Shawn Nocher
I can’t tell you how I knew the text was from her but I did, and what’s more, I wasn’t even surprised to hear from her, which sounds unlikely, given that she’s been dead for twenty-six years, having selfishly offed herself the night before I gave birth to my son (who, I’d like to point out, she had agreed to godparent), but, in fact, if anything I was pissed that she hadn’t gotten in touch sooner, so when I got that text from “1969-94” that said to meet her at our old spot by the reservoir—at midnight of course, because that must be a ghost-thing—I have to admit that I had a bit of an attitude.
I thought of texting back and saying that midnight was just a little too clichéd, even for her, even for a ghost, but instead I found myself drinking iced coffee at ten-thirty at night so that I could stay awake past my usual bedtime and make the long drive out to the reservoir and finally meet with her and get a chance to ask her what the hell she was thinking thenight she saw fit to feast on a fistful of Valium—followed by, and just for good measure, the ragged slashing of her wrists in the bathtub of her mother’s condo in Myrtle Beach after which she proceeded to fill her lungs with bloodied water and—and this is the part that gets me—never even bother to leave a damn note to explain herself.
If I were to be completely honest, I’ve never liked leaving my house knowing I have to come back to it in the dark, and what with parking at a premium on my street, so—little trick I’ve learned—I made sure to leave lights on and the television mumbling, and a load of laundry sloshing so that it would feel like I was coming back to a peopled place.

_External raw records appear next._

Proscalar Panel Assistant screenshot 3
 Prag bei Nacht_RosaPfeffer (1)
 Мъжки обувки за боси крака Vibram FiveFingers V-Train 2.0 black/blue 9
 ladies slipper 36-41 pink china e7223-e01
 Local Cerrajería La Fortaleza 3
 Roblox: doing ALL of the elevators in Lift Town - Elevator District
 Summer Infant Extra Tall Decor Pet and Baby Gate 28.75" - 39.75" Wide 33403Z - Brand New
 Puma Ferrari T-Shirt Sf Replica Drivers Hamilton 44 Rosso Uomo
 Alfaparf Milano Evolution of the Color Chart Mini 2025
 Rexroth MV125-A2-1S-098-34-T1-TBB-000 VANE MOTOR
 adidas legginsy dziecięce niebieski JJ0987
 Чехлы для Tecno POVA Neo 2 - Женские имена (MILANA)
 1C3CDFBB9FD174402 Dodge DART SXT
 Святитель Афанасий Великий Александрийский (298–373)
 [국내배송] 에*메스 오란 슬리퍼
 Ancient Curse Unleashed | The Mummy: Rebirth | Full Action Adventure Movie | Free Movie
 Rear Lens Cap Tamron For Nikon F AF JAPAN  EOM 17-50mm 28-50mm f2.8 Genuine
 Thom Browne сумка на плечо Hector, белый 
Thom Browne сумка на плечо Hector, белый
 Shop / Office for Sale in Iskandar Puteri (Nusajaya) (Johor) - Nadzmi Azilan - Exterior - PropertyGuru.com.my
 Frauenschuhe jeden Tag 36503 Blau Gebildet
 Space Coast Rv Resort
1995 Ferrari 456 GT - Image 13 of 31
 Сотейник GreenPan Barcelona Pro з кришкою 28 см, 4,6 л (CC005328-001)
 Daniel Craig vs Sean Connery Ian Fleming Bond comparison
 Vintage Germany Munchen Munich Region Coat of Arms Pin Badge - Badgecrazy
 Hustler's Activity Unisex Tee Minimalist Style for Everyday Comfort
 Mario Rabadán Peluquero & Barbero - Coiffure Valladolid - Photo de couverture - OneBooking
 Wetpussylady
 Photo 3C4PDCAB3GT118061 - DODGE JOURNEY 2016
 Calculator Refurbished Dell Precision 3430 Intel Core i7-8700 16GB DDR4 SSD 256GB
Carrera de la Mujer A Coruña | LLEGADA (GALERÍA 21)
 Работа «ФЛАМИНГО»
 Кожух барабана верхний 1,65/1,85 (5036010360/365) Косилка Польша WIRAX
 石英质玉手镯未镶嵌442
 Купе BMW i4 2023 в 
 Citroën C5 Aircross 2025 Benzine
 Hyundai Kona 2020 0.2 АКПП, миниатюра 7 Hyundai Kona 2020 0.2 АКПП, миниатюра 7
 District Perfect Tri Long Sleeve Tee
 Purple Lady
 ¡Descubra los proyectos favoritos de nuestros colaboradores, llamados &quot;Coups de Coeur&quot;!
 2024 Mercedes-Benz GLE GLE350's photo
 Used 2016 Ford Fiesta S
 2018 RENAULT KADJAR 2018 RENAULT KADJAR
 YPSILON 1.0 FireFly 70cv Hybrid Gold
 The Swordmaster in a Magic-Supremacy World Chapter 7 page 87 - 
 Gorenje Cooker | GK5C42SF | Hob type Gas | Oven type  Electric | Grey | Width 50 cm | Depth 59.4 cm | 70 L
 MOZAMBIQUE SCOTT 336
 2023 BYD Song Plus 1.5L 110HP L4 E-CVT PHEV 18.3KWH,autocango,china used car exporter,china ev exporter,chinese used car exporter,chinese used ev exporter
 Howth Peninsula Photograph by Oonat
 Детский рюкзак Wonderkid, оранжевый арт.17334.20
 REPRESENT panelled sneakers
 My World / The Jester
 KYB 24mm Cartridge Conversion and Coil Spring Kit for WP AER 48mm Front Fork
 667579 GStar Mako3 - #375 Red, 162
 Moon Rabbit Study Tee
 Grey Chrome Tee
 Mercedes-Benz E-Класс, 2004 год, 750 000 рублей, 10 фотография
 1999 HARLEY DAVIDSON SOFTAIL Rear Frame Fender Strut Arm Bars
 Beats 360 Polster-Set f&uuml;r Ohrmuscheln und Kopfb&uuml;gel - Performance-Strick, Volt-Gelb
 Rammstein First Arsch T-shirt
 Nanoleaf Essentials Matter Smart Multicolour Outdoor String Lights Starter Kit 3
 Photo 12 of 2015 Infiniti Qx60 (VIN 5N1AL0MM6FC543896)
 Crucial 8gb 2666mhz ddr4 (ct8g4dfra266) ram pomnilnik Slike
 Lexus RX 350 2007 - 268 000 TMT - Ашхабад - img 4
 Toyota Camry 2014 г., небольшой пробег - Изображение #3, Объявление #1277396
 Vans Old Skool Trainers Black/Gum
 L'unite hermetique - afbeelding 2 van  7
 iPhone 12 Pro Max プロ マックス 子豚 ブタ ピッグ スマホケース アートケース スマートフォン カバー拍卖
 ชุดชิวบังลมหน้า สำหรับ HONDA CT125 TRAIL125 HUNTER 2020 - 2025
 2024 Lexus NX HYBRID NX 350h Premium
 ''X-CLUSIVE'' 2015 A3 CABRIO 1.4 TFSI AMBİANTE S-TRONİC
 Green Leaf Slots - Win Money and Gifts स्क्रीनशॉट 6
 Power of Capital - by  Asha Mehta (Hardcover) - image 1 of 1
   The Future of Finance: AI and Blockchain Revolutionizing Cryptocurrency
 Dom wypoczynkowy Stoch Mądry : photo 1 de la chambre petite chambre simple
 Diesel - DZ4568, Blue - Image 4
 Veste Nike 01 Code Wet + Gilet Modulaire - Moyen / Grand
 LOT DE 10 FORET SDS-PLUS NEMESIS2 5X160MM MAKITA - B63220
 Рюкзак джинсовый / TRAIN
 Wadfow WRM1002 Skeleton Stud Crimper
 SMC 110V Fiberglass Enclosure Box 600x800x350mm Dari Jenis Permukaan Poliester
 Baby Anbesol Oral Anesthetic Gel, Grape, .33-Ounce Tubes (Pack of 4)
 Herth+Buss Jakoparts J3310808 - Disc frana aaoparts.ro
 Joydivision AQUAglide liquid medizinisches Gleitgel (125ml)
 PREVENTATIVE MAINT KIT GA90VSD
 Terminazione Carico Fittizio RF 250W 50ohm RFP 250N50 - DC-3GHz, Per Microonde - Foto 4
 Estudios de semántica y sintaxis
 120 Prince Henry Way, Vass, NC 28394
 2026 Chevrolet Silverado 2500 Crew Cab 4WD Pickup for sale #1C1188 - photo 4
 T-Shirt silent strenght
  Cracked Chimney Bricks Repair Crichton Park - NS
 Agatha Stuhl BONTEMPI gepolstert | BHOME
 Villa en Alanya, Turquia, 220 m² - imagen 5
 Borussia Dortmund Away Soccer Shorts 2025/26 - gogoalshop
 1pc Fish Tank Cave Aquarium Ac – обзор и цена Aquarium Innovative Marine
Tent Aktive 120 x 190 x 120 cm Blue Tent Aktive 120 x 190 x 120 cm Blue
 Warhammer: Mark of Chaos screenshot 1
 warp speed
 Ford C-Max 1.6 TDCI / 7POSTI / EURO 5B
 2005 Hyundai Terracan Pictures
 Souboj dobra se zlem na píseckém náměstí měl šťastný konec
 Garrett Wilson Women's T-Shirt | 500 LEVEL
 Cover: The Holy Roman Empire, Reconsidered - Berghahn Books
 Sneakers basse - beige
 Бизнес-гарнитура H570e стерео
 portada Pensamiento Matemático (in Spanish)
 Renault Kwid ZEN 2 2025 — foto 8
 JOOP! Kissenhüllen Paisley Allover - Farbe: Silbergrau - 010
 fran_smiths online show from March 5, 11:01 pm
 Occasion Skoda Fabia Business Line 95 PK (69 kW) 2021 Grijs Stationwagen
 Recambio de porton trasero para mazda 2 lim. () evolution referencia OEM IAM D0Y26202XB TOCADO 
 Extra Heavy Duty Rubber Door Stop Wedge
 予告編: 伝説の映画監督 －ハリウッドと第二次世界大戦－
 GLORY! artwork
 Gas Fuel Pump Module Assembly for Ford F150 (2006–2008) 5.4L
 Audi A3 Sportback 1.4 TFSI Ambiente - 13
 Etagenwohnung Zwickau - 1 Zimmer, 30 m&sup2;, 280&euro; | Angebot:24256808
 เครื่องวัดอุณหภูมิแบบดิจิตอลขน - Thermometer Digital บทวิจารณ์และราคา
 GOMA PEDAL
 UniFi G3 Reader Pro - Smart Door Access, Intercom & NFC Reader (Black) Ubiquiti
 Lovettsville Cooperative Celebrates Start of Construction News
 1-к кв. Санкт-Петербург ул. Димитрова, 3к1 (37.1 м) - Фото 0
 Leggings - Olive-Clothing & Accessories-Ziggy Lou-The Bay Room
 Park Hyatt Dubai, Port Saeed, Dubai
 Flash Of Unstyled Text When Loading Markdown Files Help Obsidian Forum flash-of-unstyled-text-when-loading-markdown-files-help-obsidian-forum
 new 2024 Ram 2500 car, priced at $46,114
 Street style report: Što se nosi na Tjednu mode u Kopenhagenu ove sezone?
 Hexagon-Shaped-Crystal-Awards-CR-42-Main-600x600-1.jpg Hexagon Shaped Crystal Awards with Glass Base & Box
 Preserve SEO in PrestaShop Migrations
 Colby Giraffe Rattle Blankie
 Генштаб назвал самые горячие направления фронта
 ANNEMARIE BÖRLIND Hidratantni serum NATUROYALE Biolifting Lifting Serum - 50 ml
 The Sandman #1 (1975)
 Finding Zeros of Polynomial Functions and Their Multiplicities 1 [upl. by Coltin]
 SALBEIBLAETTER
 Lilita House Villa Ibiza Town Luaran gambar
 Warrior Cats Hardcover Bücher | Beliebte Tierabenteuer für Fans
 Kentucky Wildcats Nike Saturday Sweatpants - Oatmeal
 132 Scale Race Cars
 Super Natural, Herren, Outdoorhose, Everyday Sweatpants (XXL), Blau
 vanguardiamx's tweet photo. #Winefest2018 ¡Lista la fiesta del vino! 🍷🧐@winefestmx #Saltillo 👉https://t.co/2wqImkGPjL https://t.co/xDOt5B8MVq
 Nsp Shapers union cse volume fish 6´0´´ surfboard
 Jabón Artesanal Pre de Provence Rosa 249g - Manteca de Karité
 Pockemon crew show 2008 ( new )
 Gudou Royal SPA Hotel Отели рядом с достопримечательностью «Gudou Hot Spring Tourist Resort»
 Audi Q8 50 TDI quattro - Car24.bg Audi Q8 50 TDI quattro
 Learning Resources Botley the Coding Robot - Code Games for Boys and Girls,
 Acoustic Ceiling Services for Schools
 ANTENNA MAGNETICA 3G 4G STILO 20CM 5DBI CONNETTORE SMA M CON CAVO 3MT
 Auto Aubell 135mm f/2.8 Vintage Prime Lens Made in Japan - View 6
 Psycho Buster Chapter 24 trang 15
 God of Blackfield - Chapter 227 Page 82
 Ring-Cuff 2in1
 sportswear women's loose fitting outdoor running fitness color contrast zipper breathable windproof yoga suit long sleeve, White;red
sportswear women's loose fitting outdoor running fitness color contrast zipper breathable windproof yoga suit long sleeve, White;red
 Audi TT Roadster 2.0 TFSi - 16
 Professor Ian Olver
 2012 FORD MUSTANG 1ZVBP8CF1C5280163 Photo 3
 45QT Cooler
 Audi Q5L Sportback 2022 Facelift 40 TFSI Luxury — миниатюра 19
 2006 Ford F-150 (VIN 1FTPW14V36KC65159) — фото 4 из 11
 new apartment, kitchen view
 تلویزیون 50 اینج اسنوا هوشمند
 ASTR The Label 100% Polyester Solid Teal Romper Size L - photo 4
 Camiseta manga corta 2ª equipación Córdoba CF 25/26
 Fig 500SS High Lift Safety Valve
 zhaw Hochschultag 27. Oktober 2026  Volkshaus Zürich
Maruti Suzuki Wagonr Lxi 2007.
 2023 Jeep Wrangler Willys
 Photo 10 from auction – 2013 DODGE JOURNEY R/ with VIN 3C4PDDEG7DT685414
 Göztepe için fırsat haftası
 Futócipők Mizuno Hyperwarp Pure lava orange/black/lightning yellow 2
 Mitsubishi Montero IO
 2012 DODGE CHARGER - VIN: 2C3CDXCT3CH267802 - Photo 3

I got there five minutes early but she had beat me to it and was waiting for me, curled like a mermaid on the boulder at the water’s edge where we used to smoke our dope as teenagers and practice reciting memorized passages from The Prophet, balanced on the rock with our arms out to our sides like we were Khalil Gibran’s priestesses.
You’re early, she said.
So are you.
I needed to think before I saw you.
I wanted to say she’d had twenty-six years to think, twenty-six years to think about how she had ripped my own life out from under me when she selfishly took hers, twenty-six years that—or so I imagined—she probably didn’t have a whole hell of a lot else on her plate and it would have been nice if she’d gotten back to me a little sooner and offered up something, anything, that could have made the last twenty-six years of crying buckets for what looked to everyone else like no apparent reason and out of the blue, a little more navigable, because twenty-six years of birthdays and holidays and mothers dying in ugly ways (both hers and mine) and children sassing and growing up and leaving and husbands falling away had triggered rage so scalding I could feel my eyeballs burning, despair so thick it sludged through my veins, and I would have appreciated a little gesture, just a small one, long before this, but all I said was that she had done a shitty thing and I was over it.
Sorry.
How long are you here for?
She didn’t answer me, but I watched her get smaller, so that when she picked up the pack of Virginia Slims—menthol, of course—that were set beside her on the boulder, and a little blue Bic Flick, lit herself a smoke and offered me one with a flip of the pack in my direction, her hand was smaller than the pack of cigarettes.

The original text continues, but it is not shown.